Uzun süre uzak kalınca kendime gelmek için evde olmak istedim. Ailem, vazgeçilmez dostlarım, bu sene 12 yaşına basan köpeğim hepsi Ankara’da. Ankara eski bir dost gibi karşıladı beni. Bir yandan Başkent Üniversitesi Konservatuvarı’nda ders veriyorum, bir yandan geziyorum, çalıyorum, bir yandan da bir sonraki adımım için en güvendiğim yerde güç topluyorum.
İyi cazcılarımızı İstanbul’a kaçırıyoruz. Ankara’da kalmalarını sağlayamıyoruz. Ankara’da cazın gelişmesi için neler gerekiyor?

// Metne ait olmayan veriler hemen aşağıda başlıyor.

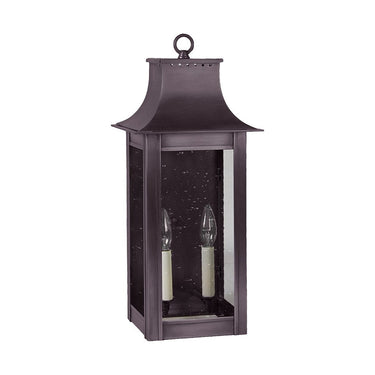 Northeast Lantern 11221-LT2 Coplin Medium Square Pagoda Wall 2 Light Candelabra Sockets Clear Glass 11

Ankara’ya gerçek bir caz kulübü gerekiyor. Bu da sanırım kestirmeden kâr etmek isteyen Ankara işletmeci kafasına uyan bir fikir değıl. Ayrıca caz dinlemek isteyip de caz çalan yerlerden haberi olmayan çok insana rastlıyorum. Mekânların haftanın bir gününü caza ayırması iyi reklam yapılmazsa, alışkanlık yaratmaya yetmiyor.
Buradan duyuralım öyleyse. Ankara’da nerelerde dinleyebiliriz sizi?
Ankaralılar beni her Perşembe Janusz Szprot, Murat Ulus ve Cem Aksel ile Budak Sokak’taki Ruhi Bey’de dinleyebilirler. Bunun yanı sıra 12 Mart’ta Ankara Kent Orkestrası ile Gençlik Parkı Tiyatro’sunda muhteşem bir konsere hazırlanıyoruz. Halka açık bir konser ve hepimiz çok heyecanlıyız. 30 Mart’ta ise Janusz Szprot Quartet ile Ankara Samm Bistro’da bir konserimiz olacak.